会計検査院による令和元年度決算検査報告の中から、特徴的な案件としていくつか同院サイト上で公開されていますが、その中から、法律上源泉徴収義務が生じているため、源泉徴収事務を行い源泉所得税を納付しているものの、結果として課税されないために配当等の受取側に当該源泉所得税が還付されることとなり、税務署としては還付手続き等の事務が生じるとともに、累計で3億円超もの還付加算金が生じた案件をご紹介します。
通常、配当を支払う際には源泉徴収を行い、源泉所得税を納めます。
他方、配当を受け取った側は、税金の計算上、源泉所得税相当額を自身の税金から控除します。
これは、100%子会社の配当等を親会社が受取った場合にも、同様です。
ところで、100%子会社(いわゆる「完全子法人」)の配当等を親会社が受取った場合に、その配当等については100%課税がされません。
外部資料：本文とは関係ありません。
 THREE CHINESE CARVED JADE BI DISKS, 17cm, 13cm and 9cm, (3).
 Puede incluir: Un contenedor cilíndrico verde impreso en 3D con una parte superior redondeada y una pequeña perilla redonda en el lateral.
株式等の保有割合が3分の1超である「関連法人」については、負債利子を控除した額全額が課税されず、ほぼ実質課税がされない状況です。
他方、上記のとおり、配当の受取りの際に源泉徴収がなされているため、源泉所得税相当額は所得税額控除として法人税の計算上、法人税額から控除します。
会計検査院が平成29年度から令和元年度にかけて行われた完全子法人と関連法人等に係る受取配当等について調査したところ、以下のことが判明しました。
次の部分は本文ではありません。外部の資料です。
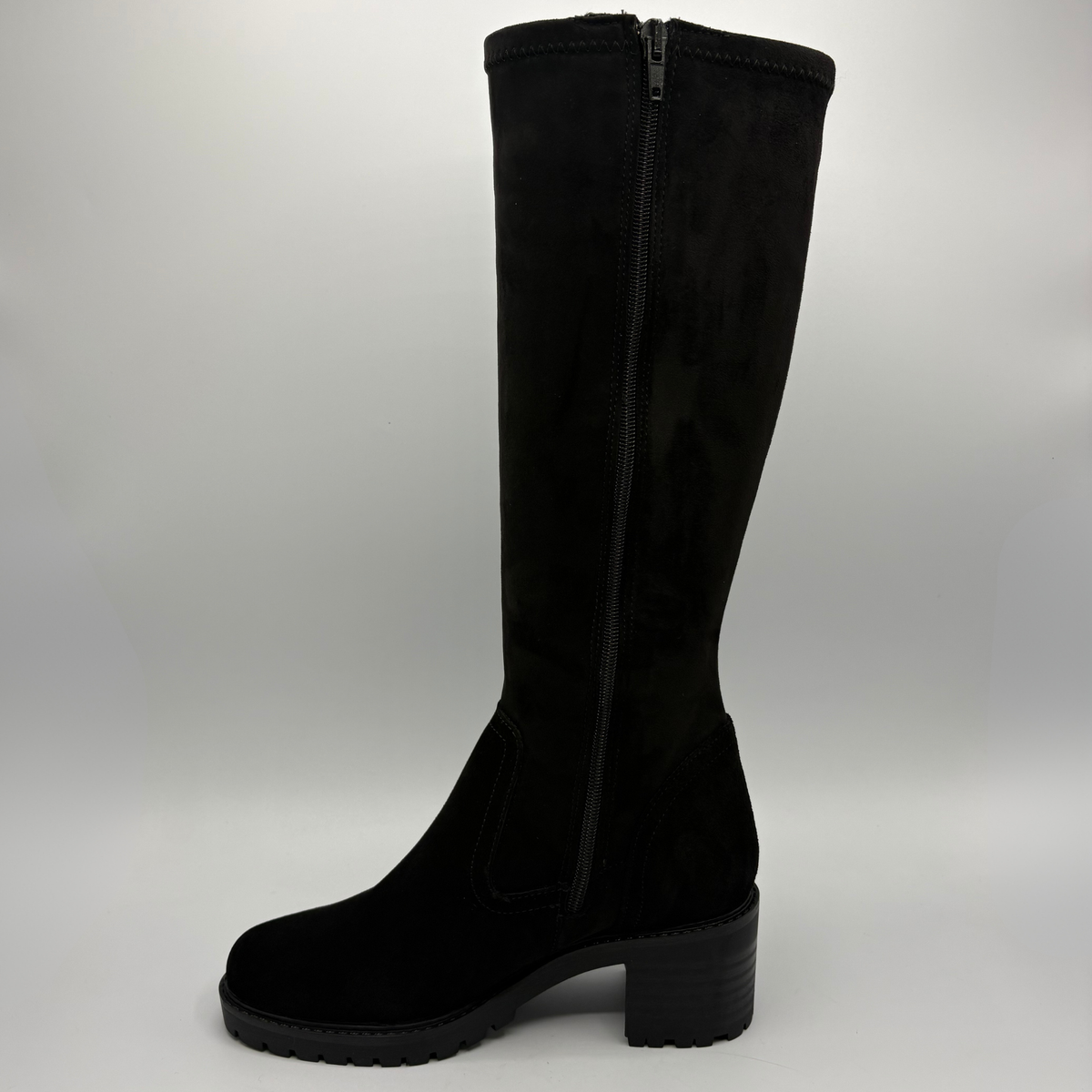 Left facing view of a black tall boot with a side zipper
- 配当等の合計4兆9067億7695万円のうち益金不算入分は4兆8628億3944万円
⇒99.1%について法人税が課されない状況 - 所得税額控除の額計9934億1336万円のうち、還付が生じたのは8898億6092万円
⇒89.6%について還付事務が生じた - 上記還付に係る還付加算金は3億6563万円(対象法人数:888)
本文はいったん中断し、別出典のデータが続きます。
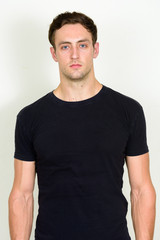 Fototapeta premium Portrait of young handsome man looking at camera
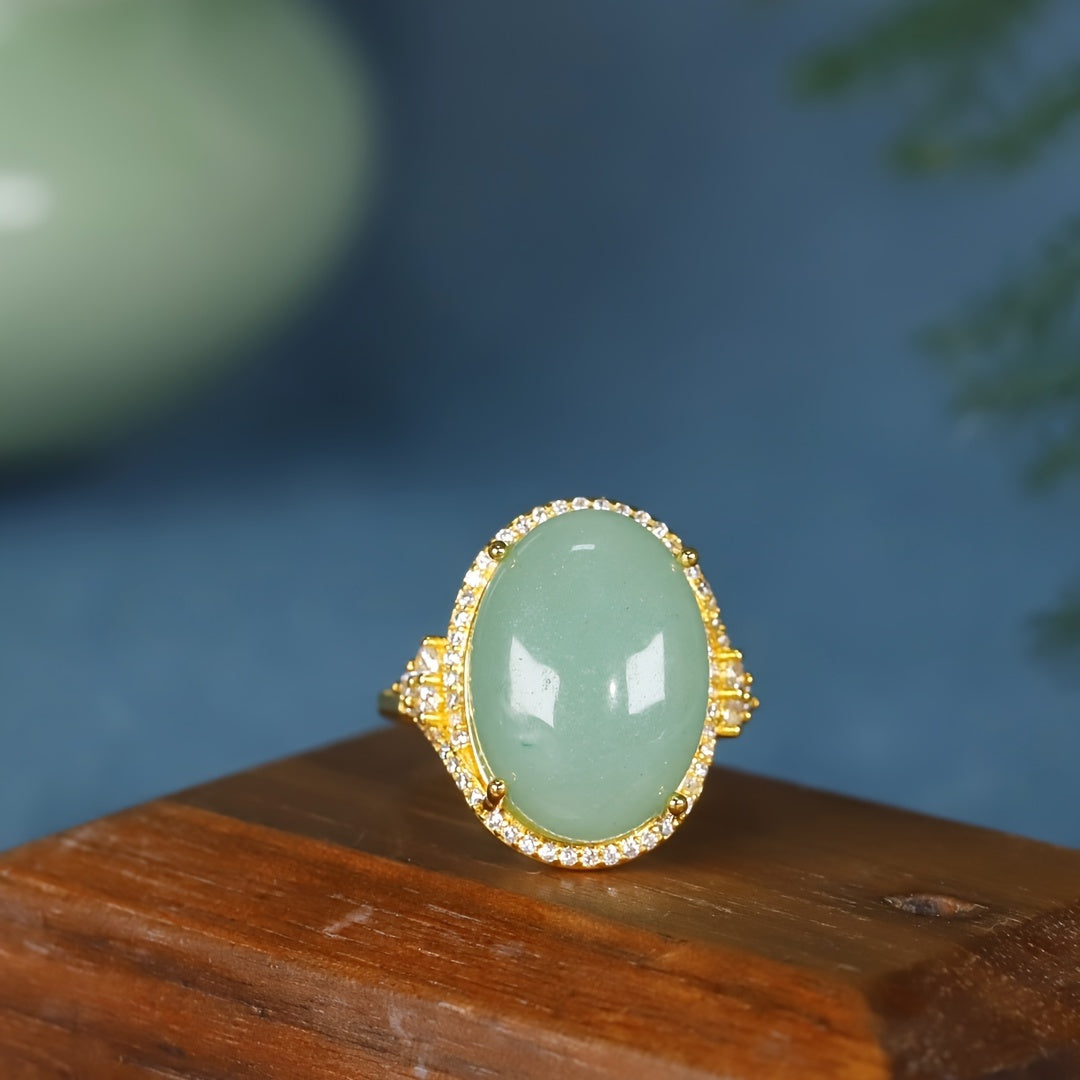 A hand wearing the Green Aventurine ring, showing its adjustable and comfortable fit.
配当等を支払った側の源泉徴収事務負担、受け取った側の一時的な納税負担、税務署側の還付手続き事務負担、そして還付加算金としての無駄な支出、となっています。
会計検査院は、配当等に係る源泉徴収制度の在り方について、財務省に対し、“効率性、有効性等を高める検討を行っていくことが肝要”と所見で述べています。
さて、令和3年度税制改正でどうなるでしょうか。